Reproduce, exactly and only, the lines of the data that follows from the one containing "Housekeeping tools including" down to the one containing "Frühlingsmelodie: Leuchtende Blumenwiese", without pictures.

### Short text fragments from websites
-*-*-

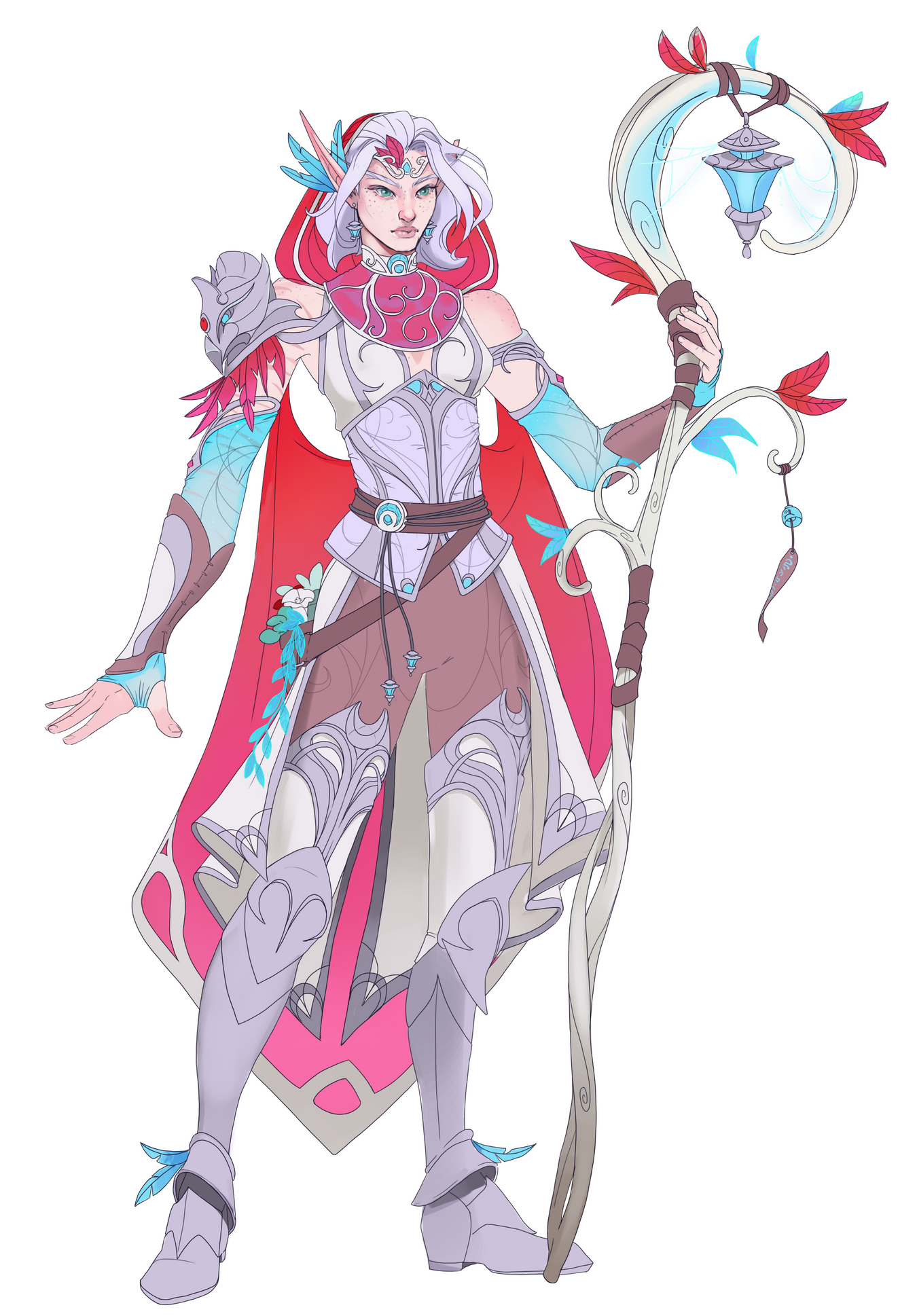 https://bsky.app/profile/laurenwalshart.bsky.social Erilihn in a druidic outfit that is primarily white, reddish-pink, silver, brown, and bright blue. It is an armored outfit, with a mixture of leather, cloth, and plate.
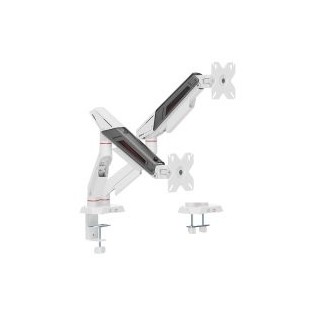 soporte de mesa gaming equip 650191 dos pantallas 17" 38" color blanco hasta 16kg por pantalla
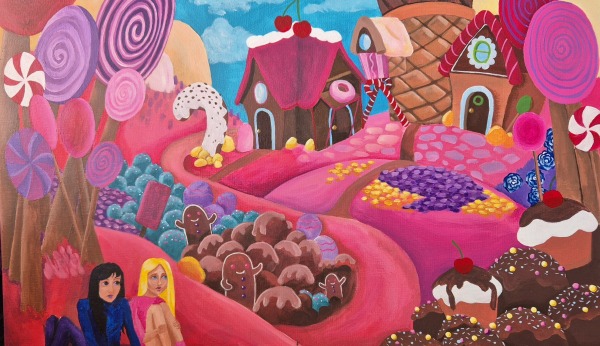 A painting of two children in a world made of candy from a heart and soul exhibition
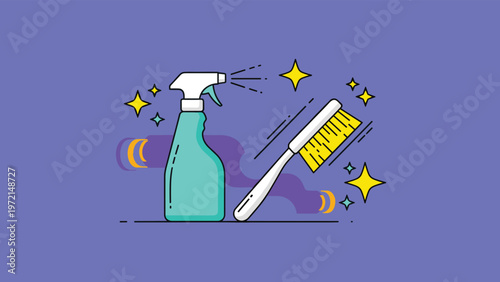 Housekeeping tools including a blue spray bottle and a yellow cleaning brush surrounded by stars and sparkles for cleanliness.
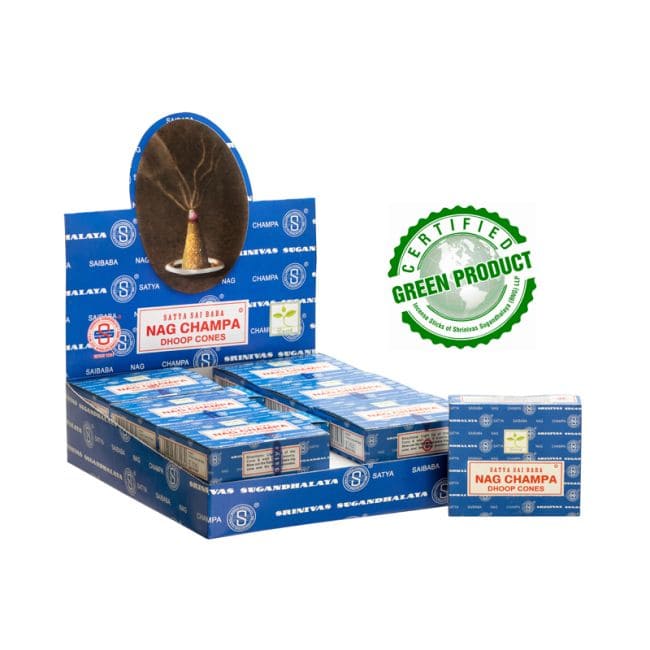 Encens Satya Nag Champa en Cônes 24g chez Arabesk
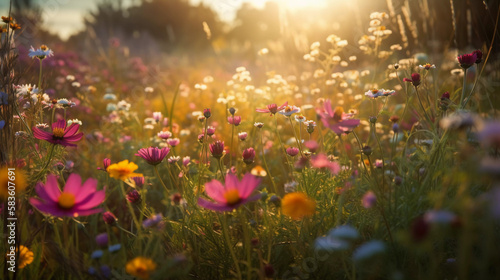 Frühlingsmelodie: Leuchtende Blumenwiese im strahlenden Sonnenlicht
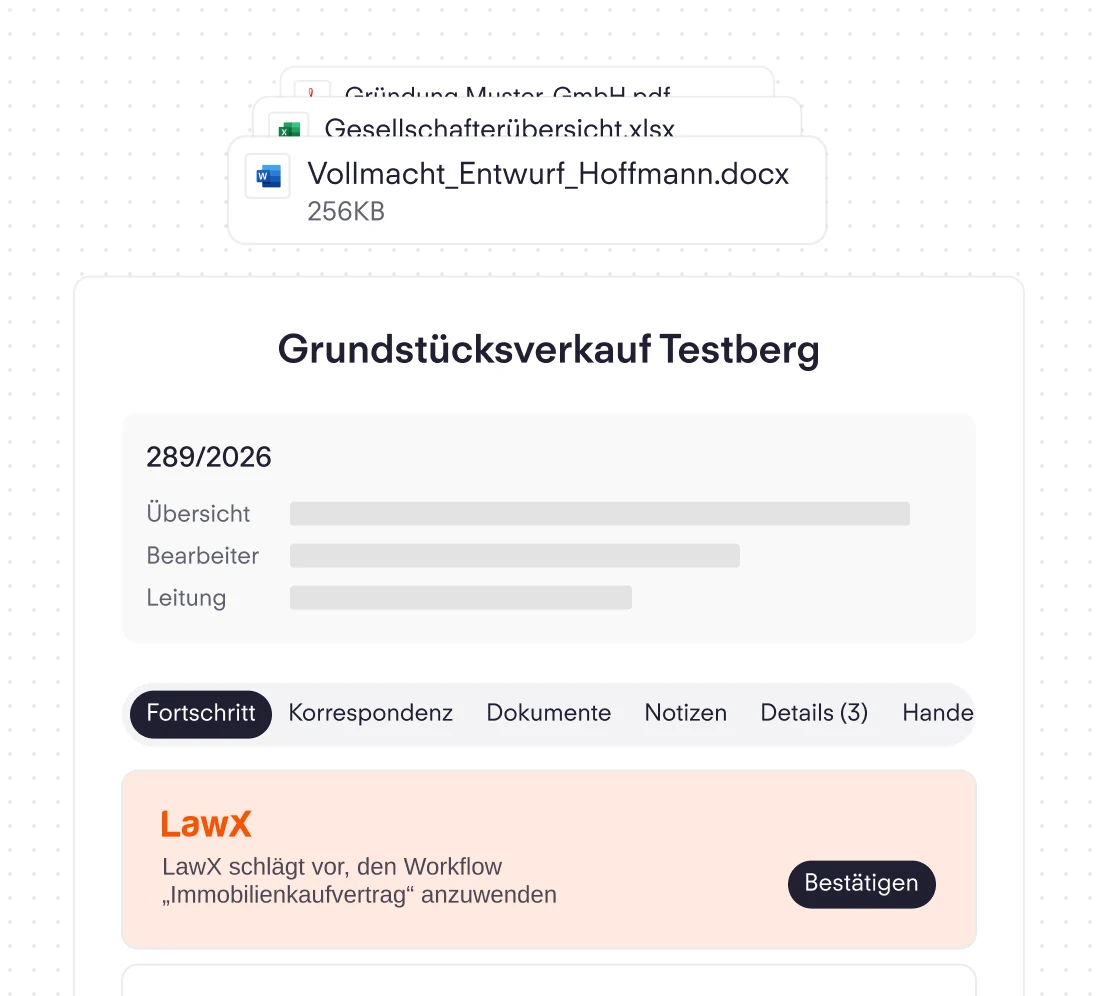 Digitale Akte Grundstücksverkauf Testberg mit Dokumenten, Fortschritt und einem Workflow-Vorschlag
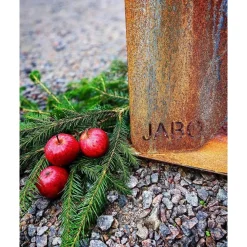 Clearance JABO Tulisija Triangel 64x64x54cm Corten-teräs, sis. alustan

-*-*-

### RESPONSE TO THE EXERCISE
 Housekeeping tools including a blue spray bottle and a yellow cleaning brush surrounded by stars and sparkles for cleanliness.
 Encens Satya Nag Champa en Cônes 24g chez Arabesk
 Frühlingsmelodie: Leuchtende Blumenwiese im strahlenden Sonnenlicht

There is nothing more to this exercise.